A full list of the online courses for the 2021 summer semester is available here. We’ve also recently added two new courses to the summer semester catalogue:

  • ARTS-2030/CRFT-2030, Daily Practice: Record and Respond. This course will help students to grow in skills of observation and recording, and develop a considered way of working that is attentive to the world around them.
  • TEXL-3321, Woolgathering: Revitalizing a Local and Sustainable Wool Industry. Students will conduct research to support the development of a sustainable wool industry in the Atlantic region.

These new courses will be open for registration as soon as their timetables are complete. Descriptions of some of our inspiring course offerings are included below this message.

Click here to register for a summer semester course. Once you are signed in, follow these step-by-step instructions.

Experiencing problems accessing Self-Service? Visit the Troubleshooting Login Issues page. Also, please note that students will now be asked to verify their contact information before they can register.

If you’re not a NSCAD student yet, click here to send us an email about the courses for which you’d like to register.

As always, we will be following the requirement of the latest NS Public Health directives to plan and deliver a multi-modal classroom experience (depending on the course) that may include:

  • purely online, synchronous, interactive and video-captured learning approaches
  • online learning with select studio access
  • face-to-face learning in rotating cohorts

All online students will continue to have the same access to support as facility-based students including the NSCAD library, academic advising, writing centre, accessibility services and accommodation.

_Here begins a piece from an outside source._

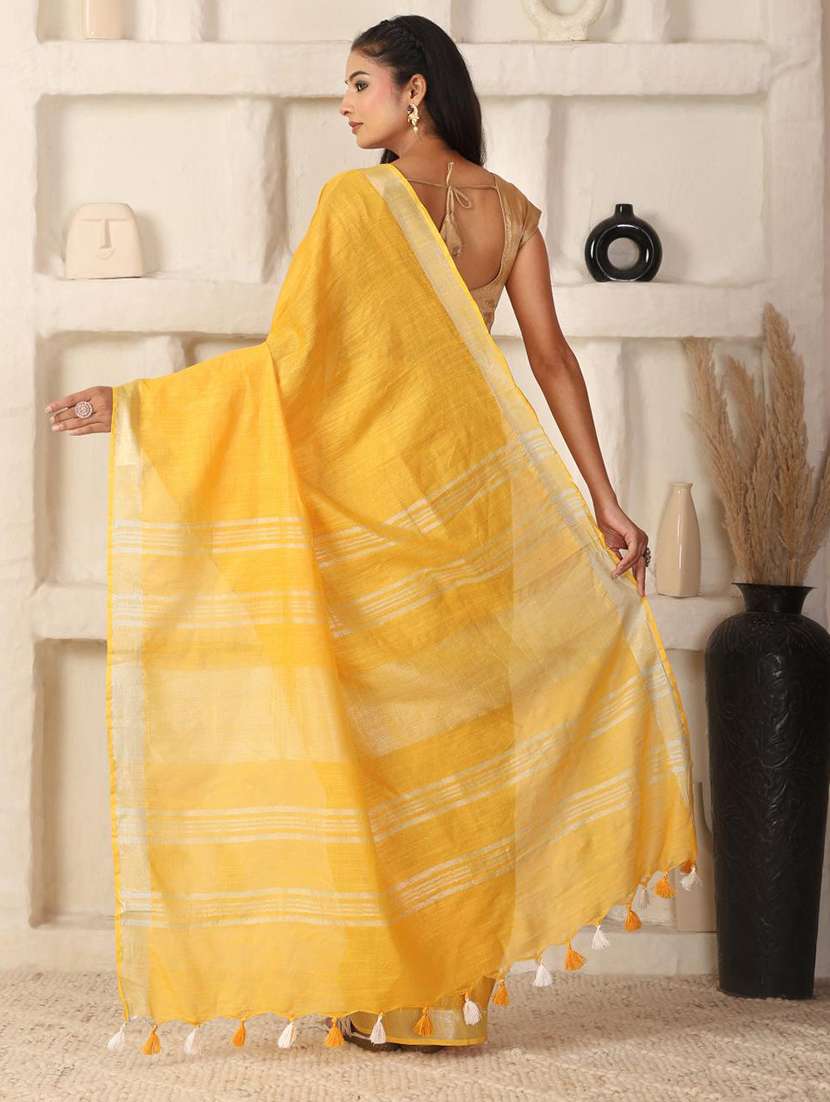 women solid with bordered saree with blouse - 22184204 -  Standard Image - 4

Wondering what taking an online course at NSCAD looks like? Here’s a sample of some of the 500 instructional videos NSCAD’s Learning Commons team produced for faculty and instructors teaching online.

We look forward to meeting you during the 2021 summer semester!

Sincerely,

 

Martine Durier-Copp, PhD

Acting Vice-President (Academic & Research) and Provost

NSCAD University

AHIS 2505(S) – Survey of Indigenous Art History explores material, visual and cultural production and performance histories of Indigenous art in Canada from time immemorial to present day. Organized both territorially and thematically, the course is situated in relation to issues of representation, self-determination, resurgence, continuity, nationhood, colonial expansion, inclusions and exclusions of national narratives and the development of Indigenous art histories.

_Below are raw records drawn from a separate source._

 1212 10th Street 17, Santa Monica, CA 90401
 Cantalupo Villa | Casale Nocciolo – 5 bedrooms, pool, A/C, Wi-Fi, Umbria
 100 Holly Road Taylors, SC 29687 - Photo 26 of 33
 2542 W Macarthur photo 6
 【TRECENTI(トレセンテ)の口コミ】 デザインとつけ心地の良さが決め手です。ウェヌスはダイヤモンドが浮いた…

AHIS 3463(SB) – Exhibiting Indigenous Art will explore issues of museum representation of Indigenous visual material and cultural production and investigate contemporary exhibitions of Indigenous art from 1967 to the present.

AHIS 3856(SB) – Reverse Shot: Postcolonial Cinema explores global political and postcolonial cinema from revolutionary roots to contemporary counter-narratives, and is a study of the most significant films, filmmakers and movements that make up this canon of cinema (1960s to present day). Students will analyze global cultural representation in mass-market Hollywood films to further critical thinking about the gaze and to understand postcolonial film as a vitally necessary counter-perspective or “reverse shot.”

PHOT2800(SB) – Drone Pilot Training. In collaboration with the Canadian Drone Institute, this course offers Media Arts students the training to acquire a Transport Canada Small Basic RPAS licence for legally operating Remotely Piloted Aircraft Systems (drones). With the successful completion of Transport Canada’s RPAS examination, students will be allowed to operate compliant RPAS in unrestricted airspace according to NSCAD’s Standard Operating Procedure. Students will learn common ground station interfaces and flight techniques for still and moving image based applications. This class requires co-registration in The Canadian Drone Institute’s Small Basic Drone Pilot Certificate Preparation Course, which has a fee.

ARTS-4000 – Studio 1(S). This level of independent production of art work expects students to work toward a body of finished professional work. Regular critical engagement with the instructor and the class is a key component.